*** Input data ***

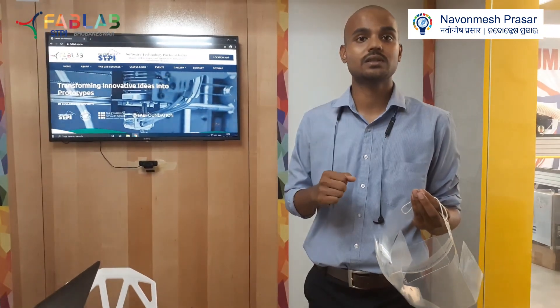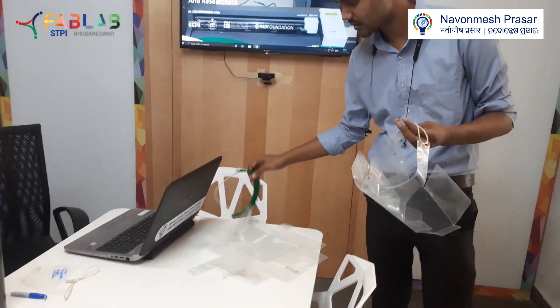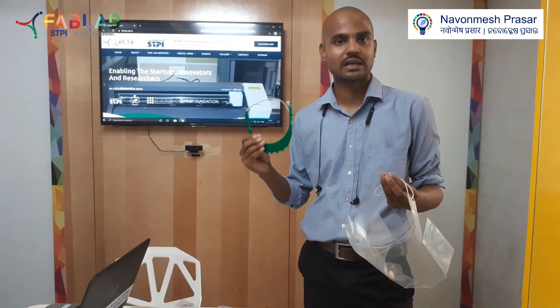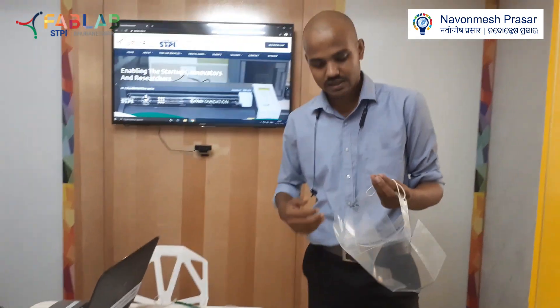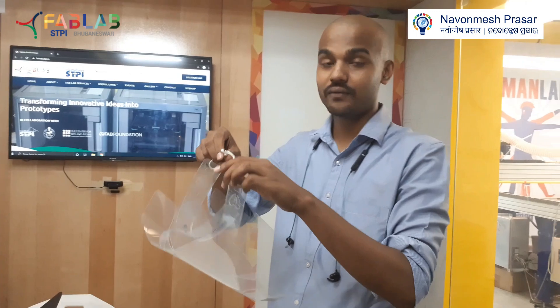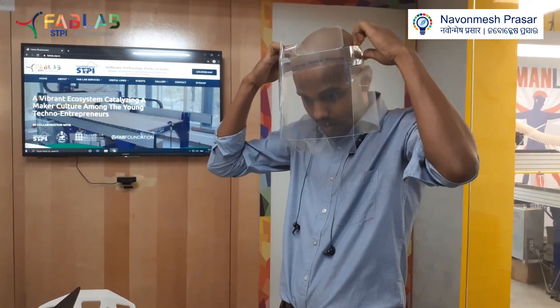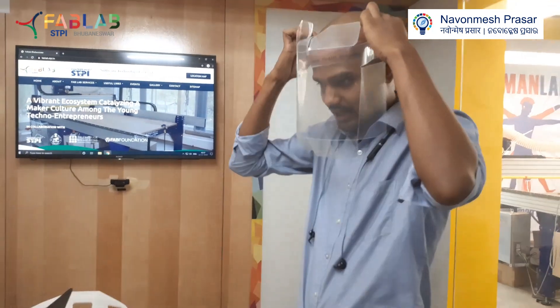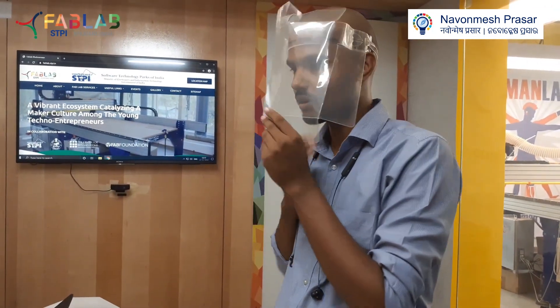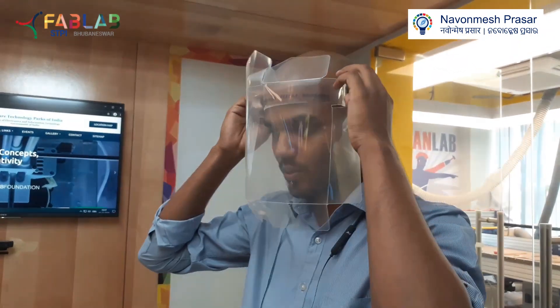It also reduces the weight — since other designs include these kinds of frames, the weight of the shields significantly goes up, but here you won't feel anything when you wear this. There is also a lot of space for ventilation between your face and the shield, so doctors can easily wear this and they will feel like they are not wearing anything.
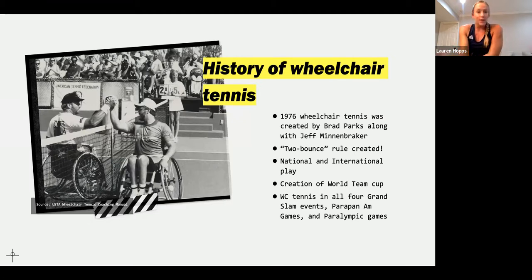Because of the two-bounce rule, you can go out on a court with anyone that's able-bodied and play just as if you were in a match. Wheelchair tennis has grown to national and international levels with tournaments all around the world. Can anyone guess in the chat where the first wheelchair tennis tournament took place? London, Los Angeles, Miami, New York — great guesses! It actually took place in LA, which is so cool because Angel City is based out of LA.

***
*** Input data ***

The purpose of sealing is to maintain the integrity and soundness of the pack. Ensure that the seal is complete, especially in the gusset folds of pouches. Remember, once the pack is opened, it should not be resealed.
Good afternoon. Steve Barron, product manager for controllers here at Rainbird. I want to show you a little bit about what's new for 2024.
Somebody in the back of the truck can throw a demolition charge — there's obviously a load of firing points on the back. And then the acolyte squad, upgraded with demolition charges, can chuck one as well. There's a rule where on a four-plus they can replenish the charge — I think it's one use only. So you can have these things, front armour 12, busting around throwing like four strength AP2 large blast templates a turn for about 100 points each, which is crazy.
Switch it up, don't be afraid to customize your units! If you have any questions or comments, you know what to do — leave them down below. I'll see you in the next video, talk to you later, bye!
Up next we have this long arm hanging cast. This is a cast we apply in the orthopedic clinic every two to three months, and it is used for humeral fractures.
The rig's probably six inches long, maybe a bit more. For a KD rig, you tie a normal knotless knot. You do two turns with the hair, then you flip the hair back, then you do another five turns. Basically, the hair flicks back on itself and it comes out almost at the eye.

***

Please make an exact copy of the lines above from the line with "Up next we have" through the line with "The rig's probably", both ends included.

Up next we have this long arm hanging cast. This is a cast we apply in the orthopedic clinic every two to three months, and it is used for humeral fractures.
The rig's probably six inches long, maybe a bit more. For a KD rig, you tie a normal knotless knot. You do two turns with the hair, then you flip the hair back, then you do another five turns. Basically, the hair flicks back on itself and it comes out almost at the eye.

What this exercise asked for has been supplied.